Ajayi Ayodele was originally from Nigeria and described himself as black. Citylink employed him as a warehouse operative in its Swansea distribution centre, initially through an agency but directly from 2007. He resigned in October 2012 in response to a repudiatory breach of his employment contract, claiming constructive dismissal, racial discrimination, racial harassment and victimisation.
As some of his complaints dated back to the time when he began employment, the case straddled the date when the Equality Act came into force. This meant the employment tribunal had to consider that Act and the legacy Race Relations Act 1976.
Ayodele lost his claim for racial discrimination at Cardiff Employment Tribunal in 2013 but the case went to the Court of Appeal in 2015, seeking to rely on a new point in the Efobi case.
Efobi, a postman, unsuccessfully applied for about 30 different jobs with Royal Mail. He claimed that his applications were rejected because of his race and this was discriminatory.
The Efobi case appeared to change the law because of the finding that, under the Equality Act, there was no burden on the claimant to prove discrimination at the first stage of his claim, and there was no shifting burden of proof from employee to employer – which at the time shocked employment lawyers.
Jo Powis, employment lawyer at Reed Smith, told People Management that the decision in Efobi “came as a surprise and was expected to make it easier for claimants to succeed in discrimination claims”.
In Efobi, Judge Laing decided there was no burden on claimants to prove facts from which a tribunal could decide that the respondent had discriminated. “It may therefore be misleading to refer to a shifting of the burden of proof, as this implies, contrary to the language of section 136(2), that parliament has required the claimant to prove something,” she said.
Instead of the claimant having to prove the employer discriminated against him first, the tribunal should instead consider first "all the evidence, from whatever source it had come, and not only the evidence adduced by the claimant", Laing ruled in Efobi.
In Ayodele’s Court of Appeal judgment, however, Lord Singh overruled Efobi and, in a ruling more favourable to employers, decided that earlier case law – Igen and Madarassy – was still relevant, and that the claimant will have to prove discrimination first before the burden of proof ‘shifts’ to the employer.
Singh held that, by removing words that might indicate that the complainant had to prove facts, the Equality Act did not mean that a claimant did not have to prove facts from which discrimination could be inferred.
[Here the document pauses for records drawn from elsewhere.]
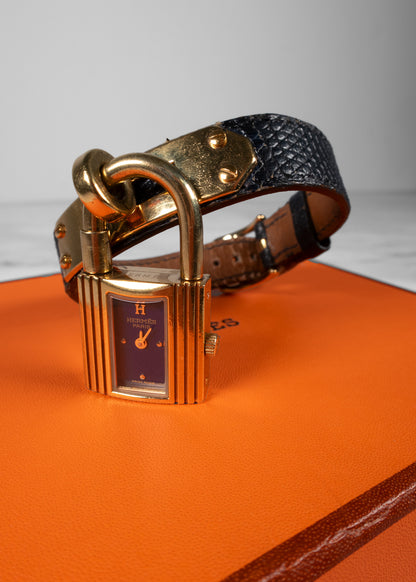 Hermès Vintage Navy Lizard Kelly Lock Watch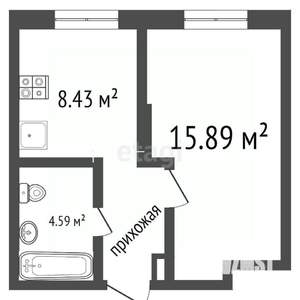 1-к квартира, вторичка, 30м2, 2/4 этаж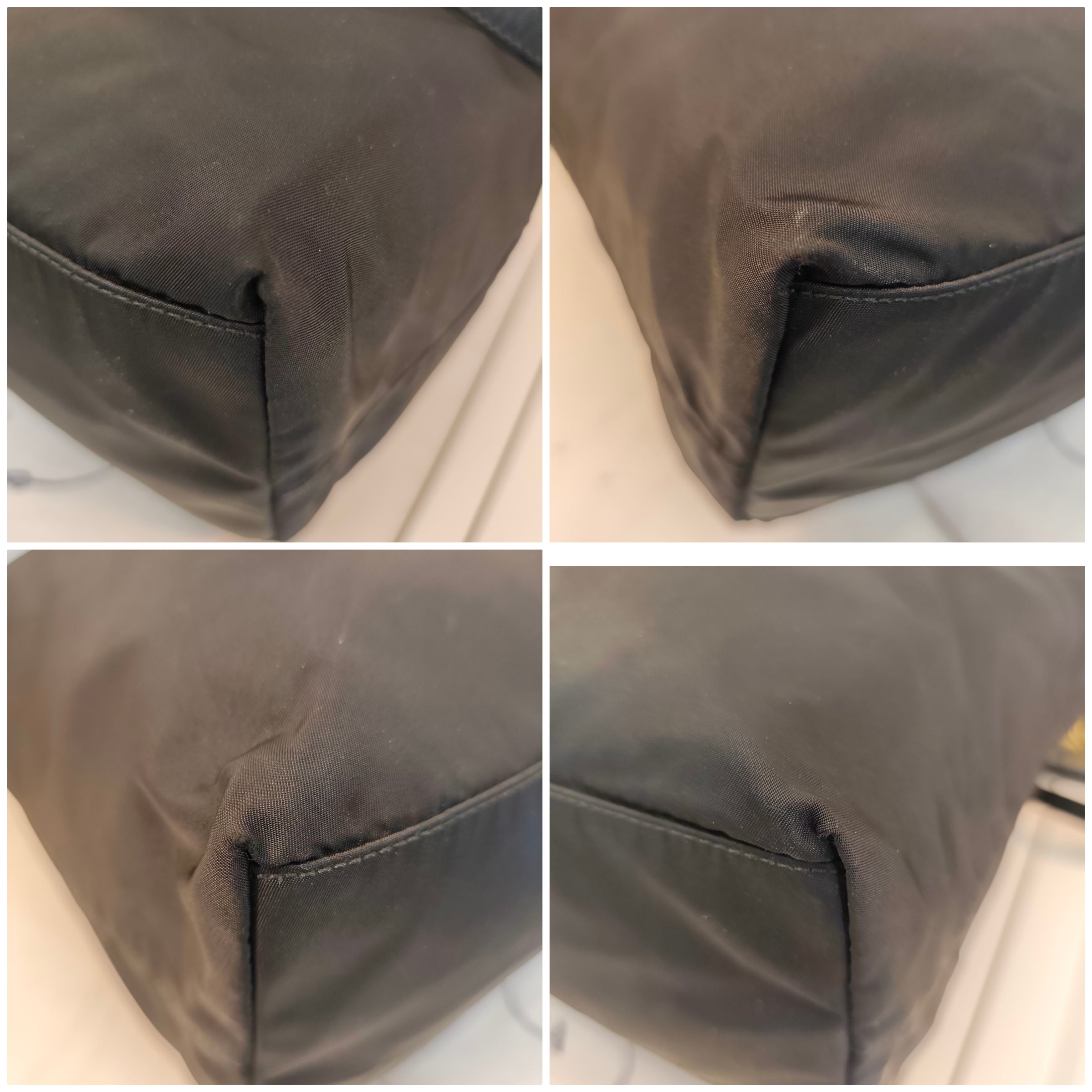 Prada - Tote Bag Re-Nylon Nero Logo Gigante in Pelle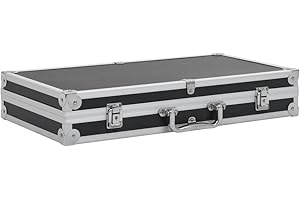 vidaXL Mallette pour Arme à Feu Malette Pistolet Malette Arme de Poing Valise à Pistolet Coffre à Pistolet Malette de Rangement Aluminium ABS Noir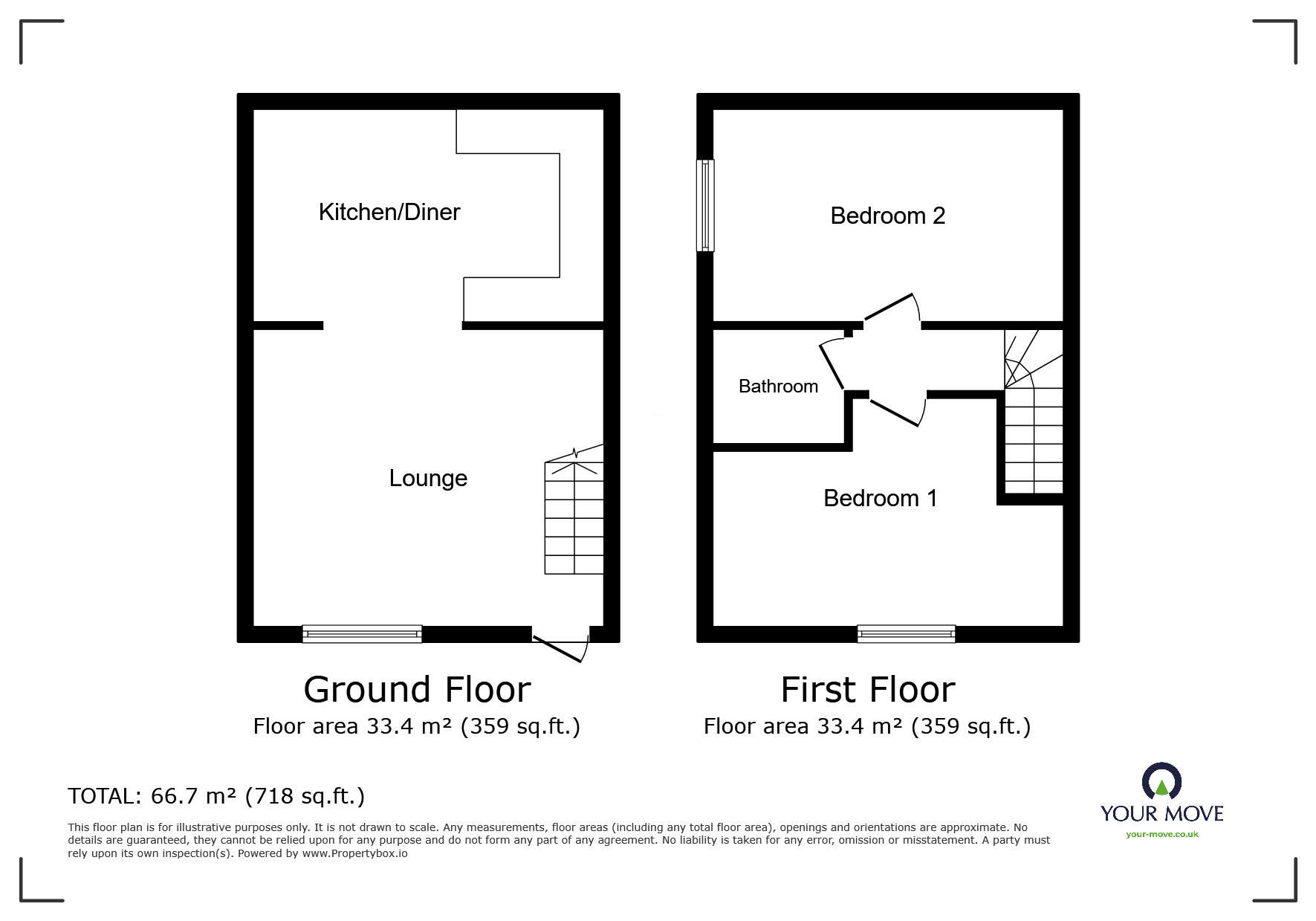 Floorplan of 2 bedroom  House to rent, High Street, Newhall, Derbyshire, DE11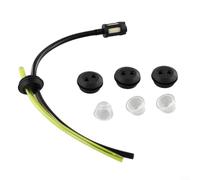 ComfyHarbor Lot de 3 kits de ligne avec filtre et poire d'amorçage pour débroussailleuse, tondeuse à gazon, taille-haie, tuyau en PVC noir et jaune de 24 cm et 15 cm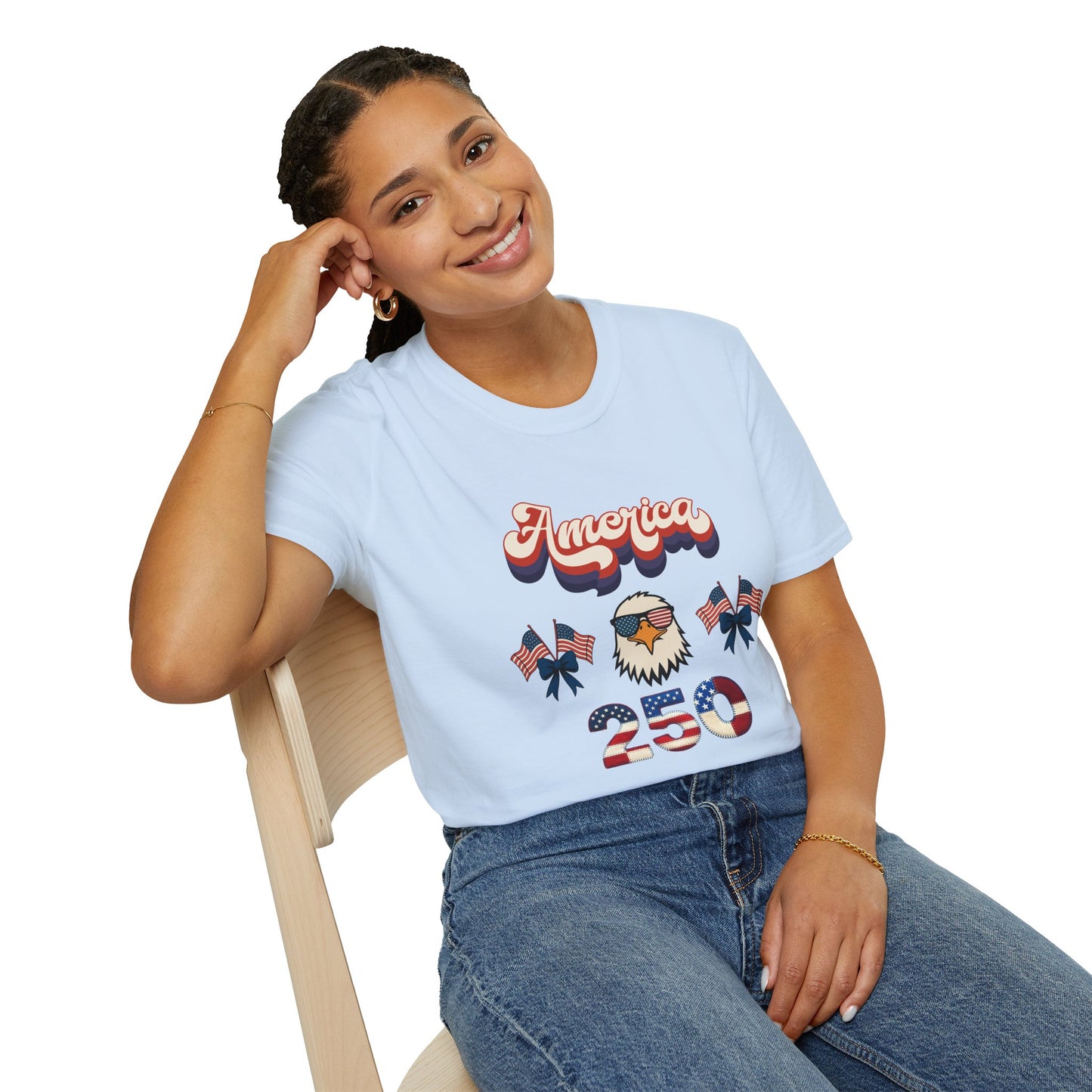Patriotic " Retro Cool America Eagle 250"  Unisex T-Shirt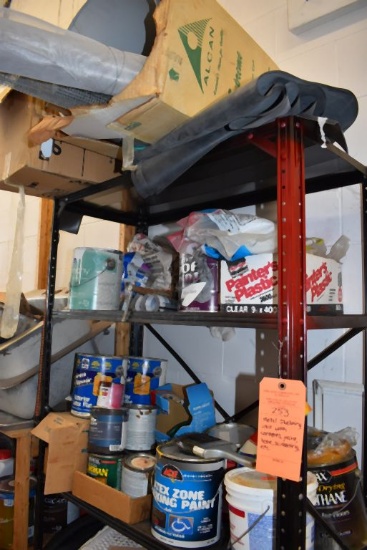 METAL SHELVING UNIT WITH CONTENTS, PAINT, HOSE,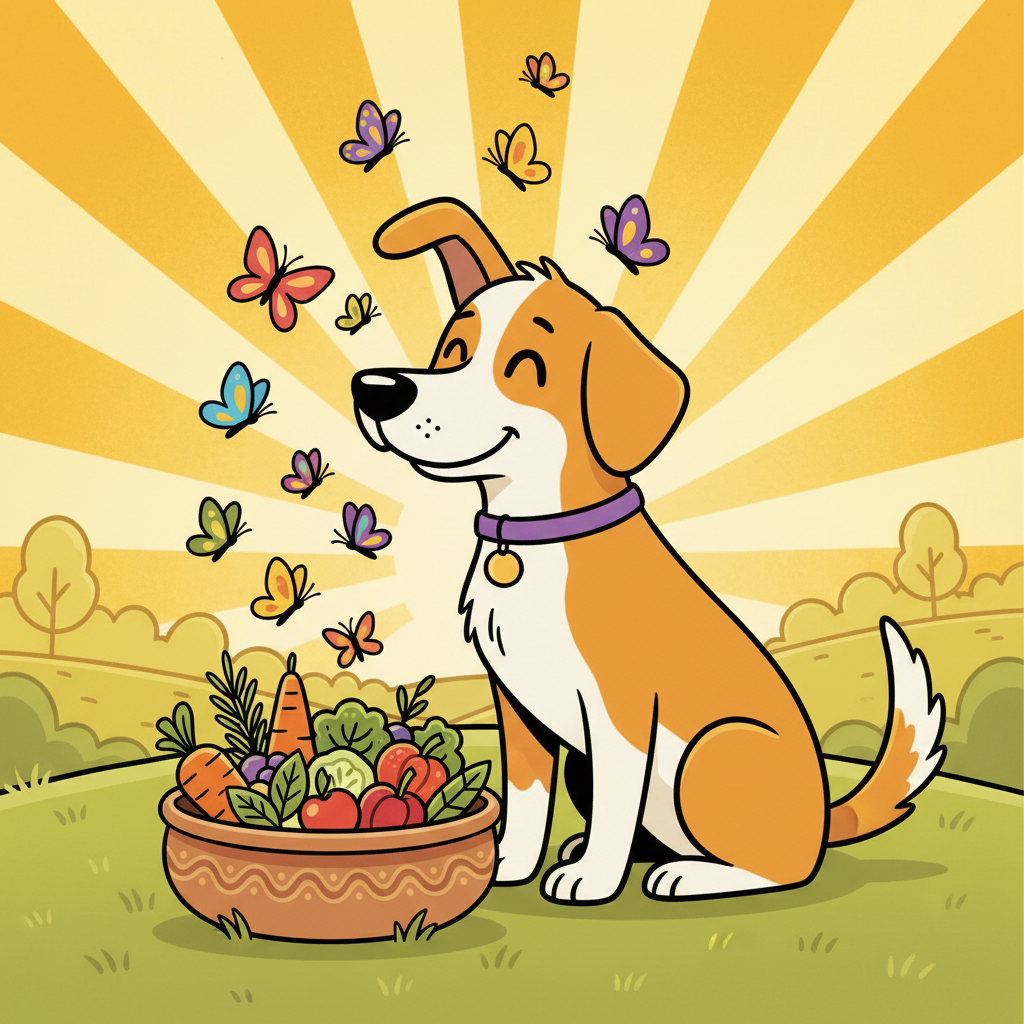 IBD beim Hund: Symptome, Diagnose & Fütterung | Pfotenmahl Fröhlicher Comic-Hund sitzt vor einer Schale mit frischem Futter und Kräutern, umgeben von Schmetterlingen und Sonnenstrahlen, flacher Illustrationsstil.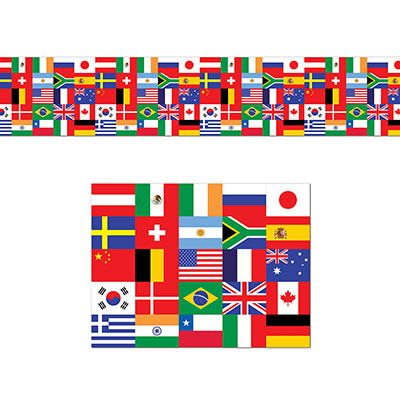Intl Flag Poly Decorating  Material printed with various flags from around the world.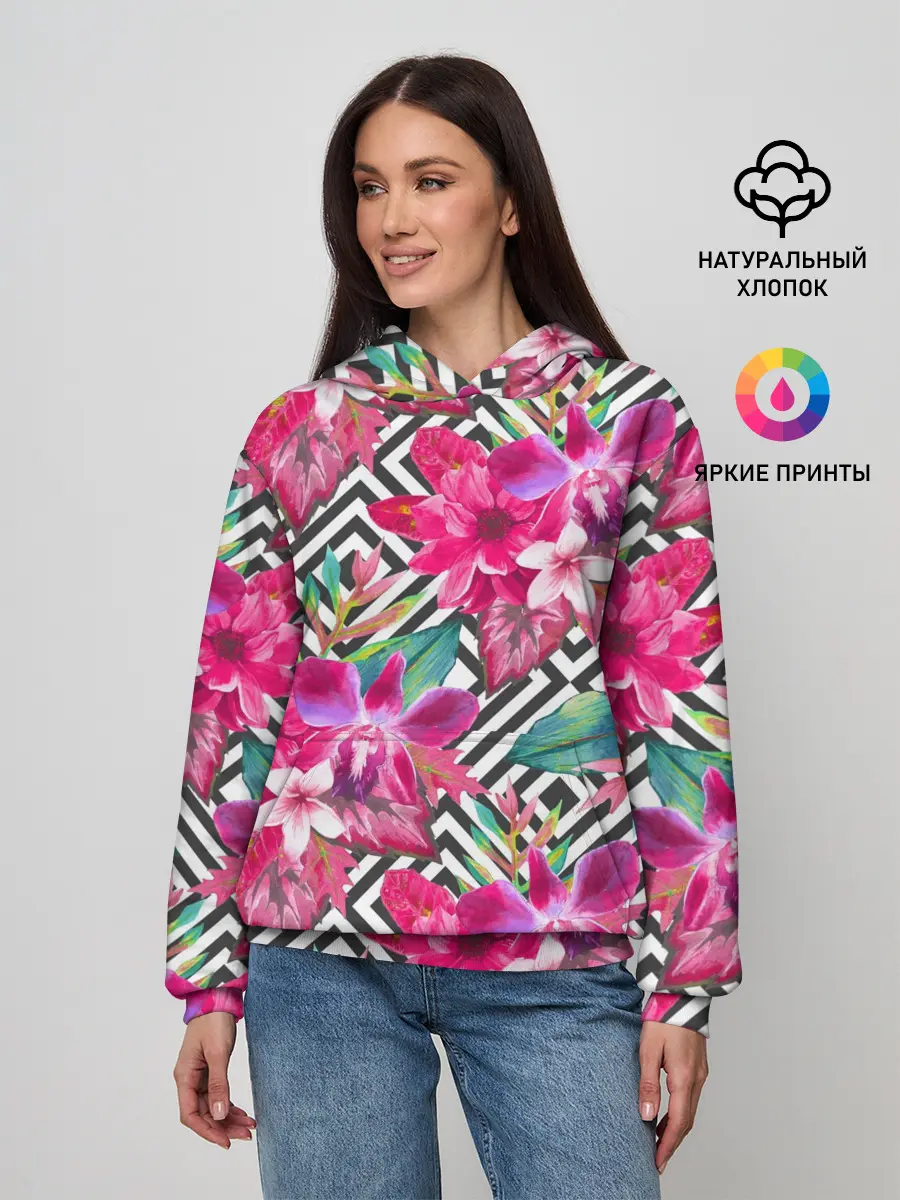 Женское худи / Тропические цветы
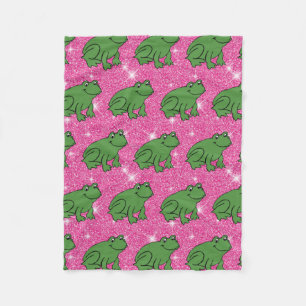 Green Frog Amphibian Animals Pink Glitter Fantasy Fleece Blanket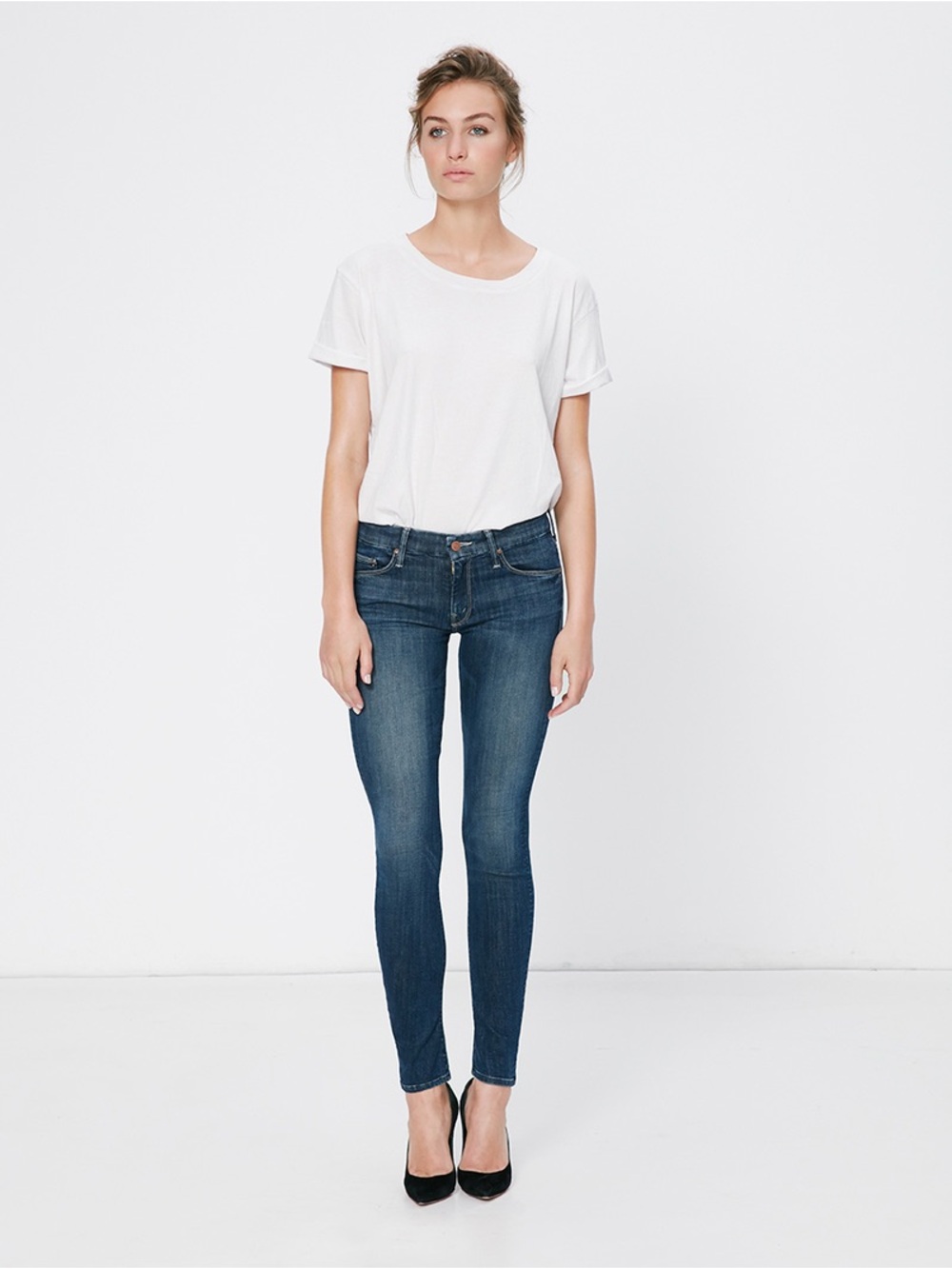Mother the looker here kitty kitty midrise skinny jeans sz 28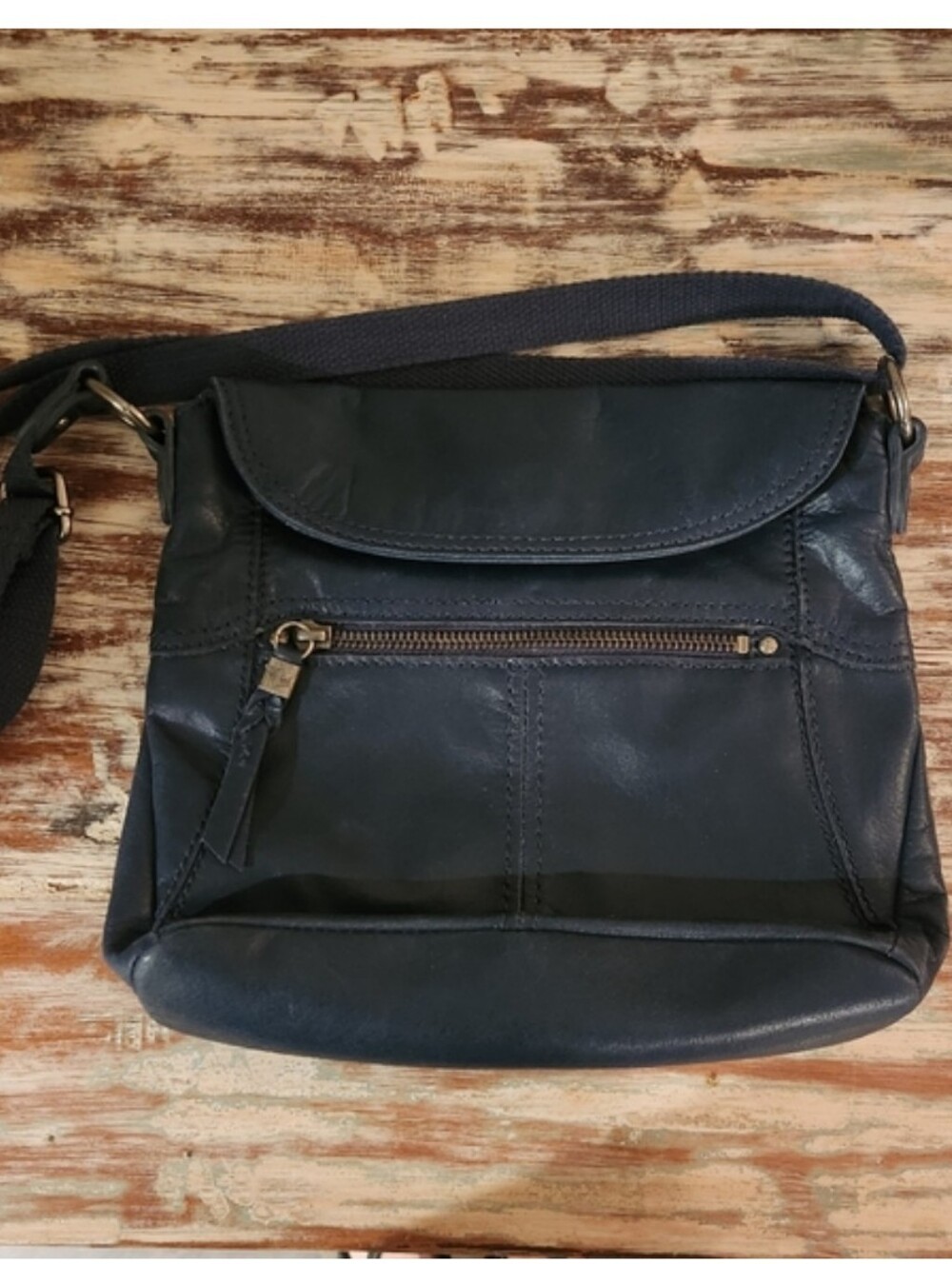 The Sak Leather Flap Crossbody Bag Navy Blue – Adjustable Strap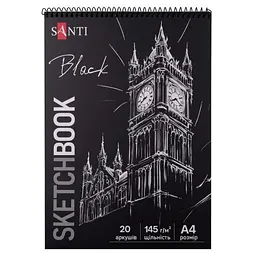 Скетчбук пруж. 20/145 А4 тв.обкл. чорний блок 743241/Santi/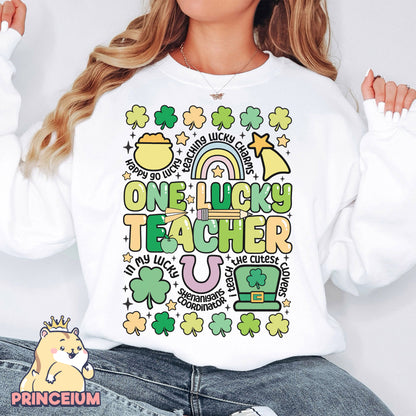 One Lucky Teacher Png, St Patrick Day Png, Lucky Charm Png, Shamrock Shirt Png, St Patty’s Day Png, Lucky Shamrock Digital Download Files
The employer then must provide a non-discriminatory explanation for its actions.
Singh said: “I can see no reason in fairness that a respondent should have to discharge that burden of proof unless and until the claimant has shown that there is a prima facie case of discrimination that needs to be answered.”
The decision in Ayodele “will be welcomed for restoring the orthodox approach that employers and their lawyers are familiar with and that has generally been thought to strike a fair balance”, Powis said.
Makbool Javaid, employer partner at Simons Muirhead & Burton, said: “The Court of Appeal’s judgment confirms that there is a burden of proof on the claimant and that the Equality Act 2010, while worded differently from its predecessor legislation, does not change this.”
However, “permission is being sought to appeal the Efobi judgment and it will be interesting to see how this issue may be addressed any Court of Appeal hearing or later judgment”.